The perennial U.S heavyweight contenders of today, Eddie Chambers, Chris Arreola and of course, Tony Thompson, have found it very difficult to secure a fan base likely due to the fact that American boxing fans have been spoilt with legendary heavyweights throughout the 70’s, 80’s and 1990’s. “Well, I think the American fans has treated us, I’m not gonna say unfairly because everybody wants a winner, so it’s hard to get behind a guy that can’t pick up the big one, so that’s a tough one. I’m good with where I’m at (right now). I’m not really tripping off anything like that.”

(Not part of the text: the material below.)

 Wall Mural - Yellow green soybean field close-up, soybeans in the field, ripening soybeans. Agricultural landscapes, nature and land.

Tony still sees himself as the godfather of the U.S heavyweights. “Oh, I’m still top of the heap and anytime them guys wants to come out and prove me wrong, they can (laughs) but I’m still top of the American heavyweight division.” Younger, athletic guys looking to make their mark on the heavyweight scene are gradually joining the previously mentioned contenders. Guys like Deontay Wilder and Bryant Jennings are just two of that particular mould that have potentially very bright futures. “Guys like Deontay Wilder and a few of the other younger heavyweights we got coming up, even Seth Mitchell who’s coming off a tough loss, it bodes well for the American heavyweight division.”

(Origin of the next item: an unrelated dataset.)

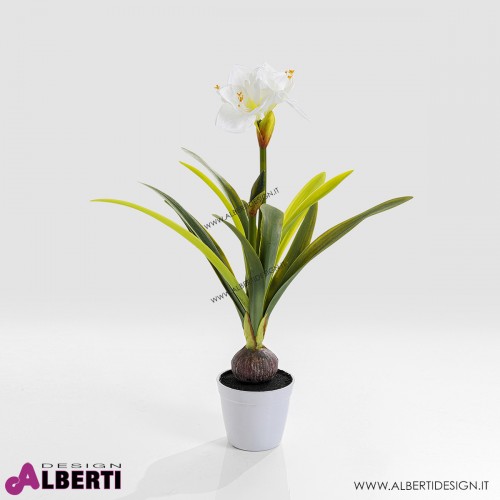 Pianta decorativa Amarillide D30xH78 cm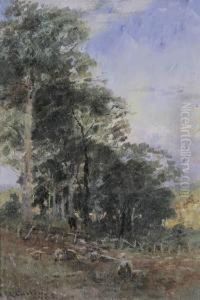 Sheep Grazing Near A Wooded Landscape Sheep Grazing Near A Wooded Landscape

What of the question that every boxing fan in North America wants answered? Will we see an American world heavyweight champion in the next ten years? “Oh, most definitely. Like I say, I think we have a couple of guys that’s able to get it. (A) tall athletic guy like Deontay Wilder, shorter, stronger guys like Seth Mitchell, those guys are very capable and I think one or both of them are gonna be champions.”

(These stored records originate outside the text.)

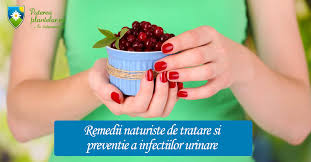 In caz de raceala, se poate vorbi de o stare subfebrila, de o. Remedii Naturiste Infectii Urinare Blog Putereaplantelor Ro
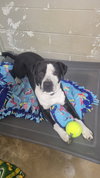 Chico - Photo 2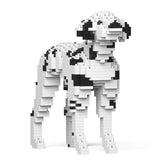 Dalmatian 01-M01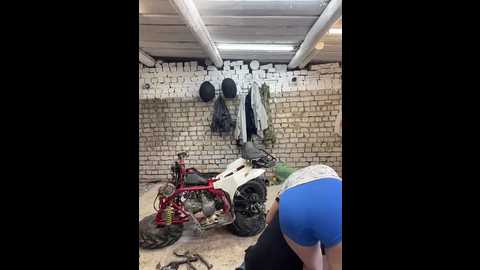 _breid_1 @ bongacams on 20240920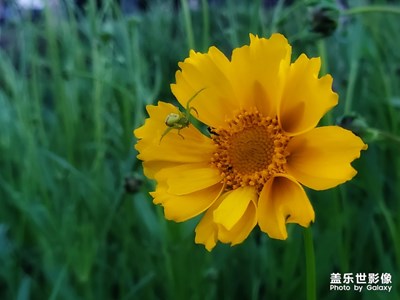河邊的金雞菊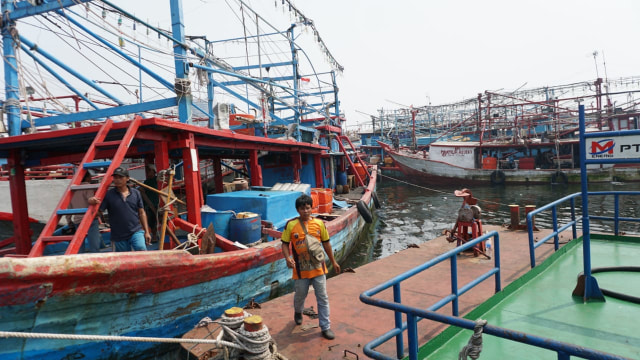 Diprotes Susi, 13 Kapal Eks Asing di Pelabuhan Muara Baru Akan Ditarik (308376)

So, as Thompson arrives at the twilight of his career, it’s distinctly possible that a defeat on February 23rd would spell the end of Tony Thompson as a professional boxer. “I think so, I think if I’m not able to get past the top, I can’t get past the champion, so you’re not able to get past the challengers. I have a great life and I’m gonna continue it with my family and that’s probably what I will do.” So, retirement could be something that he’ll look forward to? “It is but I have to feel like I’ve completed my journey in boxing but it is something I look forward to and I got kids I wanna concentrate on and it’ll be a great opportunity to do that.”
David Price Vs. Tony Thompson will be broadcast live on Boxnation in the UK and WealthTV in the U.S on Saturday 23rd February.